Abstractions With Database Views
Wikipedia defines a software abstraction as:
In software engineering and computer science, abstraction is… the process of removing physical, spatial, or temporal details or attributes in the study of objects or systems to focus attention on details of greater importance; it is similar in nature to the process of generalization;
A database view can provide a useful abstraction; a concept that represents something in a domain. Recently, I had the opportunity to do use a view to create an abstraction, to represent data that is missing from the database.
I’m working on a system that tracks program participation for a community center. The relevant characteristic here are:
- Each program can have many participant.
- Programs can also have signature requirements: They are digital agreement that participants “sign”. They can’t participate in the program without them.
- It’s important for the community center staff to track the signatures, and which participants have not fulfilled the requirements. Several programs can share the same signature requirement (e.g. a code of conduct).
- Participants only need to sign each requirement once.
- Participants belongs to households.
- Adults in households can sign on behalf of minor participants.
The accompanying Rails1 models are relatively straight forward:
class Person < ApplicationRecord
has_many :household_people
has_many :household
has_many :program_participants
has_many :participants, through: :program_participants
end
class Household < ApplicationRecord
has_many :household_people
has_many :people, through: :household_people
end
class HouseholdPerson < ApplicationRecord
belongs_to :household
belongs_to :person
end
class Program < ApplicationRecord
has_many :program_participants
has_many :participants, through: :program_participants
has_many :program_signature_requirements
has_many :signature_requirements, through: :program_signature_requirements
end
class ProgramParticipant < ApplicationRecord
belongs_to :program
belongs_to :participant, class_name: "Person"
end
class SignatureRequirement < ApplicationRecord
has_many :program_signature_requirements
has_many :signatures
end
class ProgramSignatureRequirement < ApplicationRecord
belongs_to :signature_requirement
belongs_to :program
end
class Signature < ApplicationRecord
belongs_to :signature_requirement
belongs_to :participant
end
The relationships fit well with Rails’ associations, taking advantage of a few join tables (e.g. household_people
, program_participants
, program_signature_requirements
).
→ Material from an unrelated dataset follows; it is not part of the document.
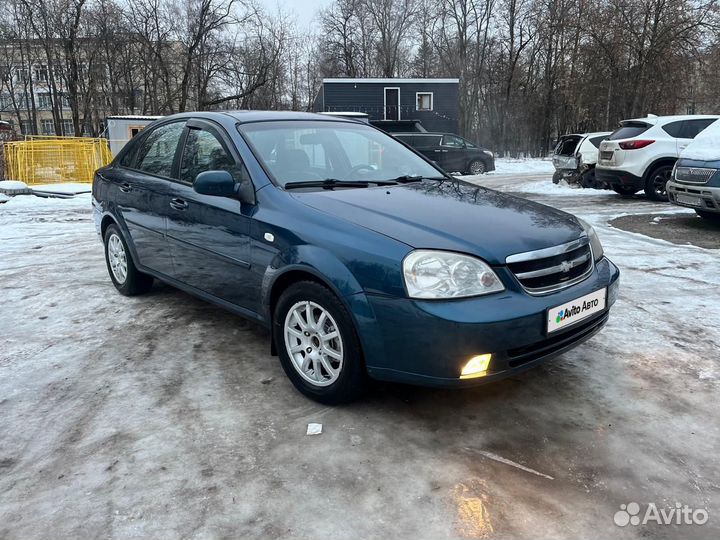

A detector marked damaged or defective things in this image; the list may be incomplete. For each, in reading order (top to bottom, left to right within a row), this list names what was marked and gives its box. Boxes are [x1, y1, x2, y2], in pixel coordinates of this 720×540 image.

asphalt patch [608, 213, 720, 251]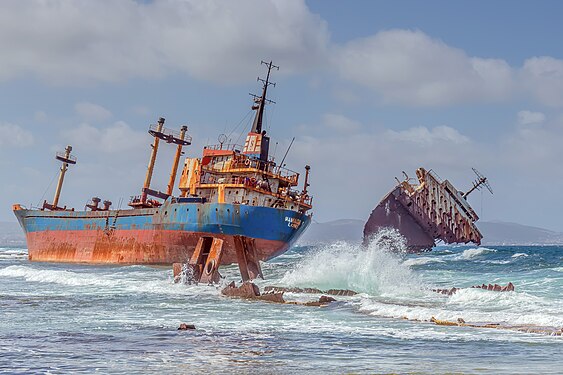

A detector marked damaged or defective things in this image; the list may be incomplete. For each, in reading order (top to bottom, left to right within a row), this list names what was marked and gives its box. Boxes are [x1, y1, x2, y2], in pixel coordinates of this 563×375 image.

rusty cargo ship [13, 61, 312, 266]
corroded metal [366, 170, 484, 253]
The basic user experience (UX) for administrators managing data in the system followed typical CRUD; It became more complex when creating the UX for participants.
Finding Pending Requirements
To create the simplest experience possible for parents of program participants, we settled on the following UX:
- A parent is shown a list of pending requirements: This is a list documents the have to (electronically) sign. A pending requirements is one that is associated with a program that at least one user in the household is a participant of. It must also not have been met.
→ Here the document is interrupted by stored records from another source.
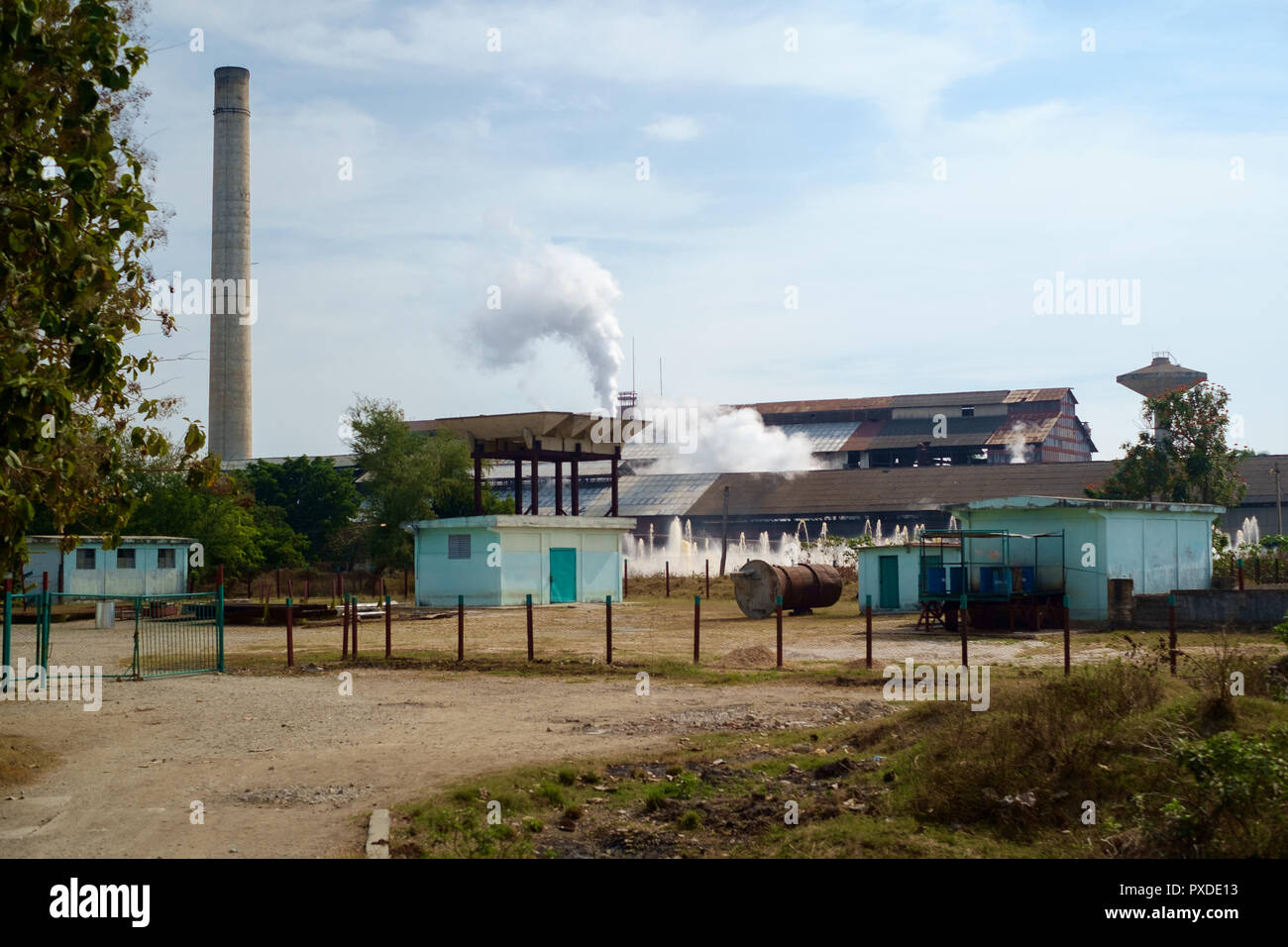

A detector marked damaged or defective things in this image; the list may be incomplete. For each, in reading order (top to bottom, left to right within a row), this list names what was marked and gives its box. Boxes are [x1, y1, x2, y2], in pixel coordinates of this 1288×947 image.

rusty horizontal tank [733, 559, 844, 618]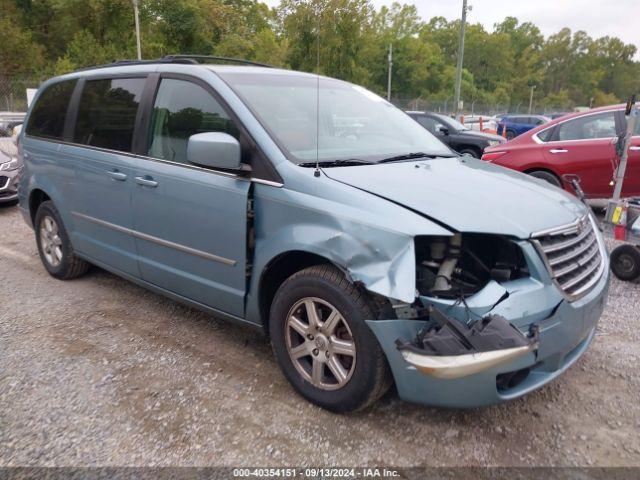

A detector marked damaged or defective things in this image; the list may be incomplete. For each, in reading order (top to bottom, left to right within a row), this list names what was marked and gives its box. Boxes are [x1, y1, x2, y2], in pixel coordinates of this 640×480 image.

crumpled hood [322, 157, 588, 239]
broken headlight [416, 233, 528, 300]
damaged bumper [364, 244, 608, 408]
- Once the parent selects the requirements to sign, he can do so with a single submission on behalf of any of the children in the same household, that don’t yet have a signature for that requirements.
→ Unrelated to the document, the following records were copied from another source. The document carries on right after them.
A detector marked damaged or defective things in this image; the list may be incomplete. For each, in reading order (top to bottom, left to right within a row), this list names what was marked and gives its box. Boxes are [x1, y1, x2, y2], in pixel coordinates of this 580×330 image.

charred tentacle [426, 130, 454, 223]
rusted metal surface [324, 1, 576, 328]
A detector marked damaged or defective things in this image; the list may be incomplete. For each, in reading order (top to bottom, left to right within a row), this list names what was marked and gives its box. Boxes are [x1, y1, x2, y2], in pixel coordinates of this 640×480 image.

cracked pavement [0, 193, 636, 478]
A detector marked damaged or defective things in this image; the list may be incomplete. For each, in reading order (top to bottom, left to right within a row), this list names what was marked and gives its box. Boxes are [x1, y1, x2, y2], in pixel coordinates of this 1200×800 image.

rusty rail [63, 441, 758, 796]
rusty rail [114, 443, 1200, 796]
Inspection of the data modeling reveals that both queries – pending requirements and eligible participant signatures for a household – are possible with a single roundtrip (SQL statement) from the database. The query is not trivial. It must join, household
, household_people
, programs
, program_participants
, signature_requirements
and program_signature_requirements
to obtain the set of signature that we want to exist at some point. We also require removing from those list those signatures that already exist. The removal portion suggest to me using a LEFT JOIN
to the signatures
table, and filtering WHERE signatures.id IS NULL
to remove the existing signatures from the set.
I tried writing the queries using ActiveRecord
in several ways, using joins and sub-selects. I found myself getting results that were not quite correct and having a hard time reasoning about it. The cognitive load of keeping that many things in my head at once was getting the best of me. Fortunately, I recognize the thought pattern, and more importantly the solution: What can I abstract away to make it easier?
Eventually I settled on MissingSignature
: It represents the domain concept of some data that we want to exist, but doesn’t. I know of two ways to create data abstraction in relational databases: Common Table Expressions (CTEs) and database views. Both are supported to a certain extent in Ruby on Rails. CTEs are supported through the use of arel
, which is not considered public API. It can be awkward to mix and with regular ActiveRecord
queries. Views on the other hand, are mostly treated by Rails as tables. That allows us to abstract away how the are defined. With the help of the scenic gem, defining a view is simple.
-- db/views/missing_signatures_v01.sql
WITH current_participant_requirements AS (
SELECT
"program_signature_requirements"."signature_requirement_id",
"program_participants"."participant_id"
FROM
"program_participants"
INNER JOIN "program_signature_requirements" ON "program_signature_requirements"."program_id" = "program_participants"."program_id"
INNER JOIN "programs" ON "programs"."id" = "program_signature_requirements"."program_id"
AND "programs"."id" = "program_participants"."program_id"
INNER JOIN "signature_requirements" ON "signature_requirements"."id" = "program_signature_requirements"."signature_requirement_id"
WHERE
"signature_requirements"."expires_at" >= now())
SELECT
cpr.*
FROM
"current_participant_requirements" cpr
LEFT JOIN "signatures" ON "signatures"."participant_id" = "cpr"."participant_id"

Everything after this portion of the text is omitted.